Bug 1937396

Summary: when kuryr quotas are unlimited, we should not sent alerts
Product: OpenShift Container Platform Reporter: OpenShift BugZilla Robot <openshift-bugzilla-robot>
Component: NetworkingAssignee: Emilien Macchi <emacchi>
Networking sub component: kuryr QA Contact: Jon Uriarte <juriarte>
Status: CLOSED ERRATA Docs Contact:
Severity: medium    
Priority: low CC: dcbw, mdulko
Version: 4.8Keywords: Triaged
Target Milestone: ---   
Target Release: 4.7.z   
Hardware: All   
OS: All   
Whiteboard:
Fixed In Version: Doc Type: No Doc Update
Doc Text:
Story Points: ---
Clone Of: Environment:
Last Closed: 2021-06-15 09:26:44 UTC Type: ---
Regression: --- Mount Type: ---
Documentation: --- CRM:
Verified Versions: Category: ---
oVirt Team: --- RHEL 7.3 requirements from Atomic Host:
Cloudforms Team: --- Target Upstream Version:
Embargoed:
Bug Depends On: 1937005    
Bug Blocks: 1937400    

Description OpenShift BugZilla Robot 2021-03-10 14:52:44 UTC
+++ This bug was initially created as a clone of Bug #1937005 +++

Description of problem:
if an Openstack networking resource type (e.g. ports, networks, subnets, etc) has unlimited quota (which is represented by -1 in OpenStack), there is an alert that we run low on resources, because the condition to check the free resources doesn't take -1 in account.

Version-Release number of selected component (if applicable):
4.8

How reproducible:
Deploy OpenShift on top of an OpenStack cloud, with Kuryr as a networkType.
Set your OpenStack network quotas to -1.

Steps to Reproduce:
1. As an OpenStack admin, set the OpenStack network quotas to -1 (e.g. for ports), for the tenant that will be used to create the OCP cluster.
2. Deploy OpenShift on top of the OpenStack cloud, using Kuryr as networkType in the install-config.yaml.

Actual results:
Alerts of the type: "Running out of quota for ports"


Expected results:
No alerts, since we have unlimited quotas!

Comment 4 Jon Uriarte 2021-06-02 10:50:47 UTC
Verified in OCP 4.7.0-0.nightly-2021-06-01-051359 on top of OSP 16.1.5 (RHOS-16.1-RHEL-8-20210323.n.0).

Verification steps:

For checking the alerts in prometheus, make sure you have the next entry in the /etc/hosts:
<APPS_FIP> prometheus-k8s-openshift-monitoring.apps.ostest.shiftstack.com

How to check the alerts from CLI:
$ token=`oc sa get-token prometheus-k8s -n openshift-monitoring`

List all the alerts:
$ curl -sk -H "Authorization: Bearer $token" 'https://prometheus-k8s-openshift-monitoring.apps.ostest.shiftstack.com/api/v1/alerts' | jq '.data.alerts[] | select(.labels.alertname) | .labels.alertname'

Get a specific alert (i.e.
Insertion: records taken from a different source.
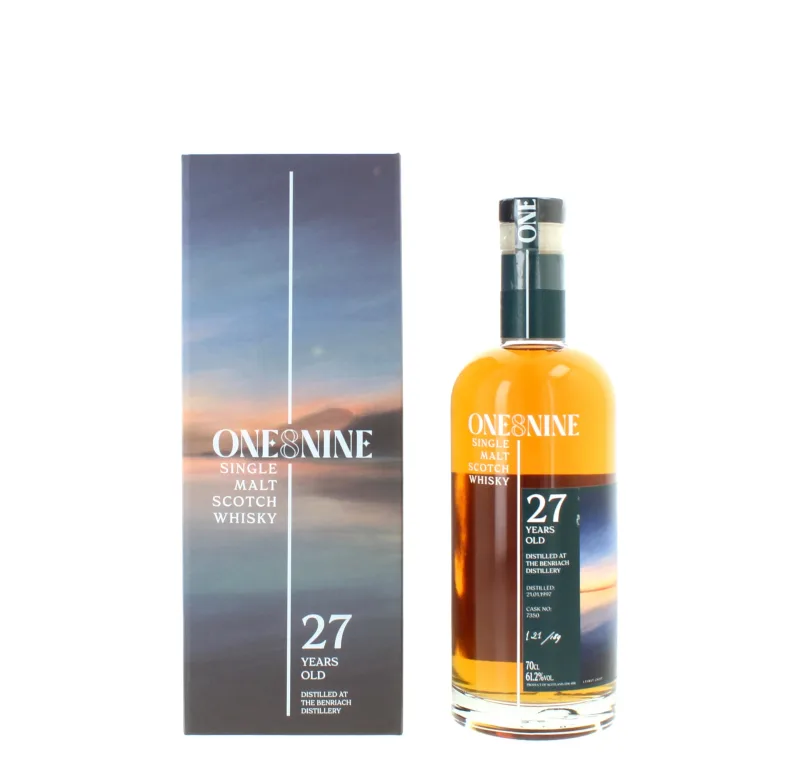BenRiach – 27 Year Old One8Nine 1997 Cask 7350 'First Light'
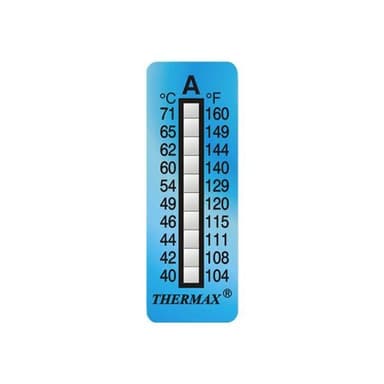 THERMAX 10A แถบวัดอุณหภูมิแบบ 10 ระดับ (10 Label | Pack)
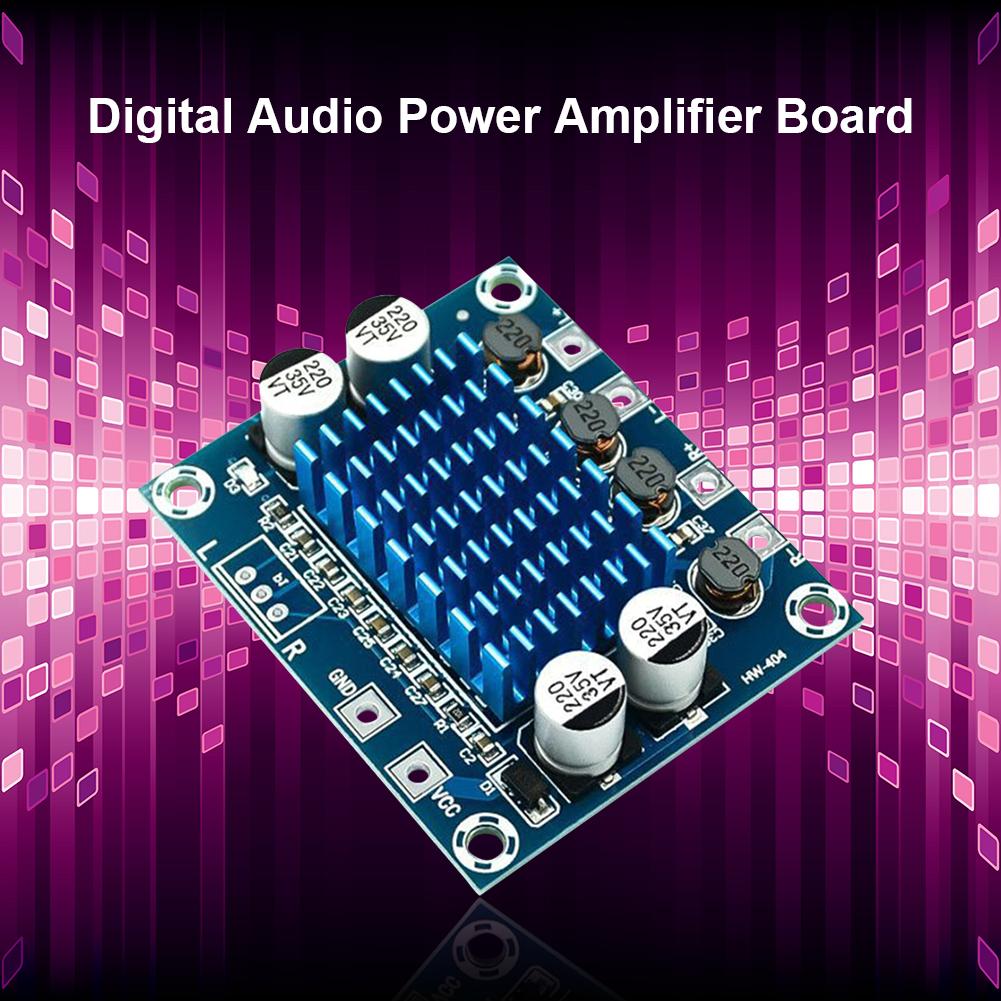Powerful Amplifier Module 30W+30W Dual Channel Digital Stereo Audio Power Amplifier Board DC 8-26V 3A 20-1PCS TPA3110 XH-A232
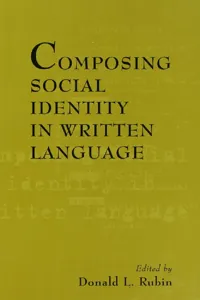 Composing Social Identity in Written Language_cover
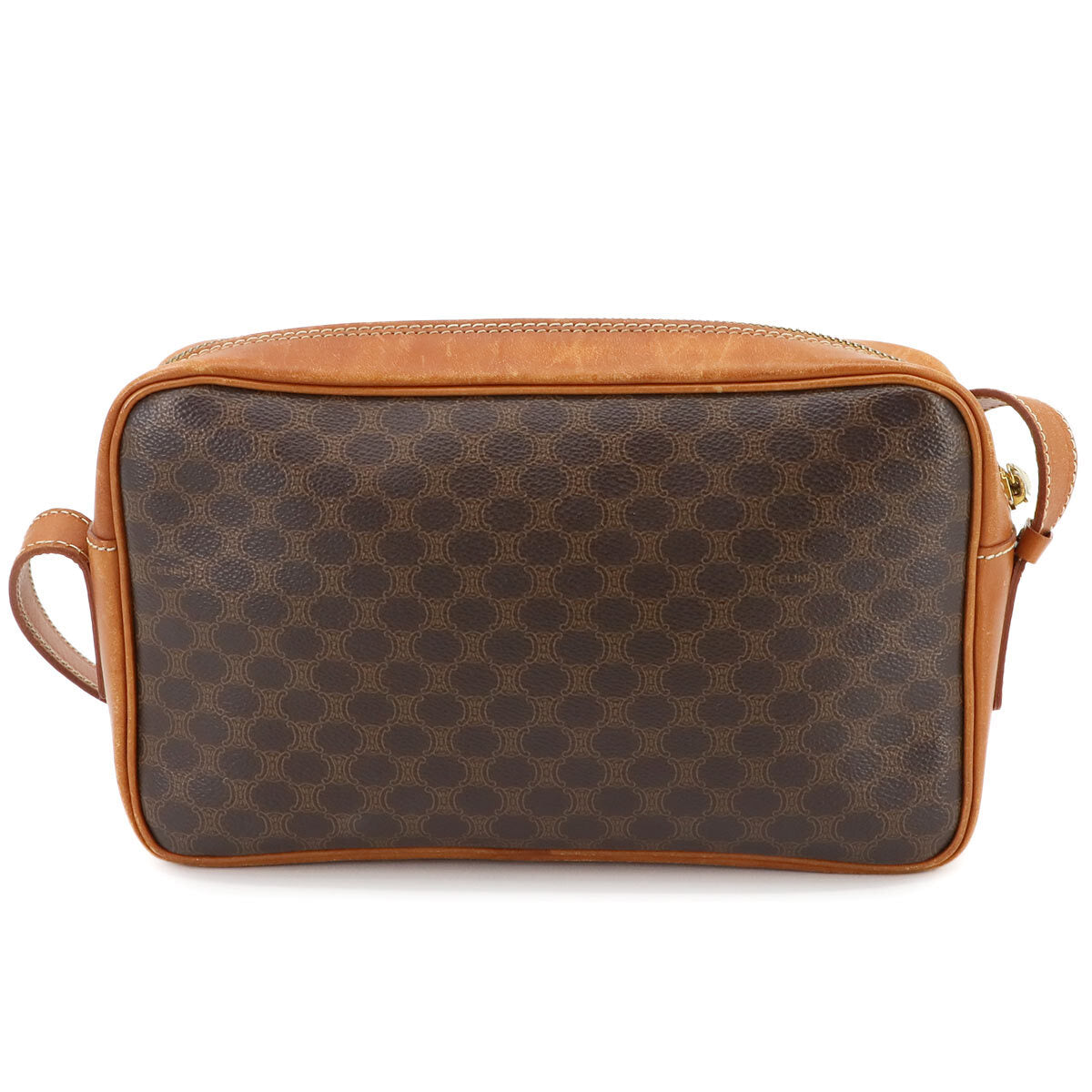Celine Macadam Shoulder Bag - Brown, PVC Leather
LimitedResourceQuota):
$ curl -sk -H "Authorization: Bearer $token" 'https://prometheus-k8s-openshift-monitoring.apps.ostest.shiftstack.com/api/v1/alerts' | jq '.data.alerts[] | select(.labels.alertname == "LimitedResourceQuota")'

The alert LimitedResourceQuota is raised when an Openstack resource is running out of quota (free quota > 0 and free quota < 10).
It is raised for the resources: 'ports', 'subnets', 'networks', 'security_groups' and 'security_group_rules'.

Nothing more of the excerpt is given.